DIRECTIONS -> Using the records below, give again exactly the lines from the line that contains "Printer Ink Brother" through the line that contains "Louis Vuitton Fashionable", both ends included, and only those.

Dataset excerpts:
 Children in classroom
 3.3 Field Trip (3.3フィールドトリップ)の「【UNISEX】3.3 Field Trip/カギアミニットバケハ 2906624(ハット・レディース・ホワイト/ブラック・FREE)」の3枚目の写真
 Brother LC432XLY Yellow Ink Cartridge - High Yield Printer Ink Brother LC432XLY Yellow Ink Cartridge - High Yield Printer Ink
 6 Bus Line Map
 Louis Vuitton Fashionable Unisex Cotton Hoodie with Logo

...

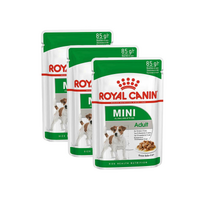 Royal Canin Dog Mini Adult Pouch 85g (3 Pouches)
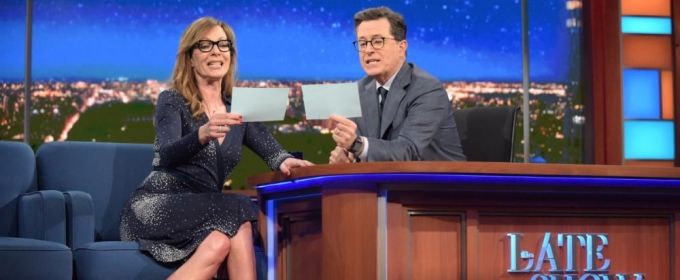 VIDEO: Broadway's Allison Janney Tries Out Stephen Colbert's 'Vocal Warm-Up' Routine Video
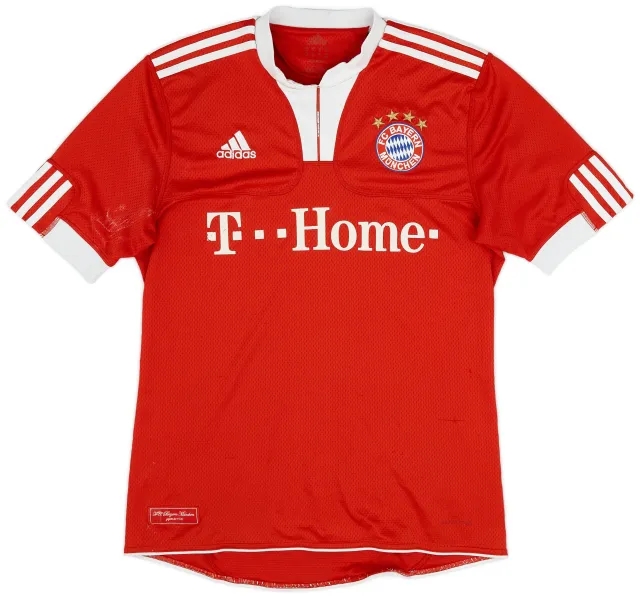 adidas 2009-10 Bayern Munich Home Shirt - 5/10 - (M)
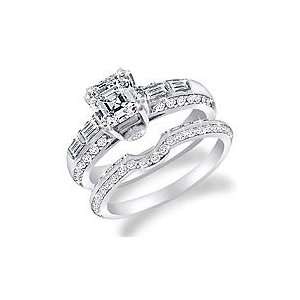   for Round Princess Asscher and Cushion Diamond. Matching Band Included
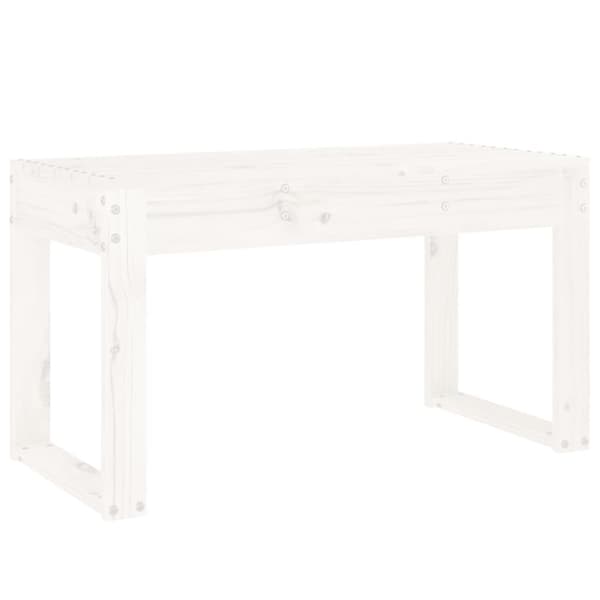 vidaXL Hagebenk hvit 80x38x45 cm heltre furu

WRITTEN SOLUTION ->
 Brother LC432XLY Yellow Ink Cartridge - High Yield Printer Ink Brother LC432XLY Yellow Ink Cartridge - High Yield Printer Ink
 6 Bus Line Map
 Louis Vuitton Fashionable Unisex Cotton Hoodie with Logo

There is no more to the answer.